An apparent recombinase homologue (BMEI1661) was identified as the sole unique gene for B. melitensis, and our RT-PCR results indicated that it is transcribed. There are two resolvase family genes (BME1661/BMEI0902) in the B. melitensis annotation for Chromosome I located in opposite orientations. These two genes share homology over a 180 bp consensus sequence. However, one putative recombinase (BMEI1661) is much larger than the other (747 bp vs. 231 bp). They may be considered paralogous, but BME1661 contains more than 500 bp not present in any other species. In the B. suis annotation, there are two almost identical recombinases of equal size (617 bp) present, in opposite orientations. These only have small matches to BME1661/BMEI0902 (~40 bp). However, both B. abortus and B. suis contain 2 copies of ~180 bp homologous to BME1661/BMEI0902, mostly within intergenic sequence. Overall, a 180 bp consensus is present in two copies in all three species, but ~500 bp of the BMEI1661 gene in B. melitensis is unique to this species. Site-specific recombination has been shown to be involved with acquisition of drug resistance genes and alteration of gene expression , suggesting that this unique gene may play a role in virulence.

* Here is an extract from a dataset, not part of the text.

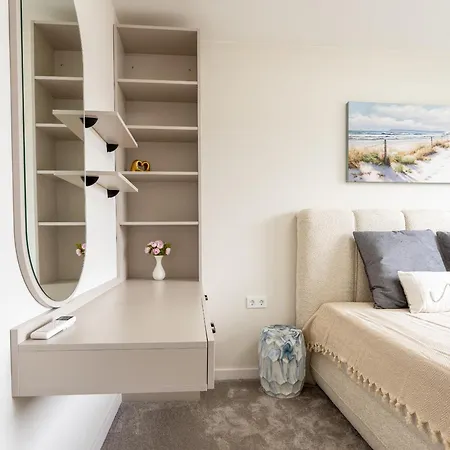 Apartament Amazing 2 Bedroom With Sea View
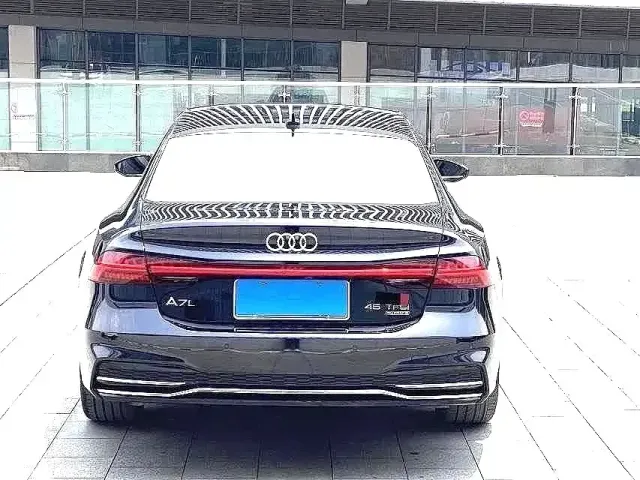 Audi A7L — Фото автомобиля 8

Our analysis reinforces the view that the brucellae are highly similar – much more identical to each other than are other groups of closely related bacteria. It has been suggested that the low rate of genetic exchange between Brucella spp. and other species is due to their niches within cells as intracellular parasites . However, several multi-gene differentiating islands identified in our comparison (Table 2) contain atypical G+C contents that is consistent with gene acquisition via horizontal transfer. Island MA1 exhibits a G+C content of 52% and contains a putative phage integrase family transposase at the end of the gene cluster in both B. abortus and B. melitensis. Escherichia coli has a G+C content of 51.4%, and has been demonstrated to transfer a broad host range plasmid to Brucella under laboratory conditions . Other islands have base compositions close to the average Brucella G+C content. Island SM2 exhibits a G+C content of 58% in both B. melitensis and B. suis. The presence of phage genes suggests that lysogenic conversion may have occurred . The island S2 that is unique to B. suis and containing 5 tra/trb genes has a G+C content of 55.6% and is flanked by a phage integrase homologue. Two phage gene homologues (a HK97 family phage major capsid protein and putative phage head-tail adaptor) are present within island SA1 and two phage gene homologues (a HK97 family portal protein and a phage terminase subunit) flank the island. Island SA2 contains a phage minor tail protein L homologue. This evidence is consistent with phage-mediated transduction and suggests that phages may have helped the brucellae adapt to their intracellular niches.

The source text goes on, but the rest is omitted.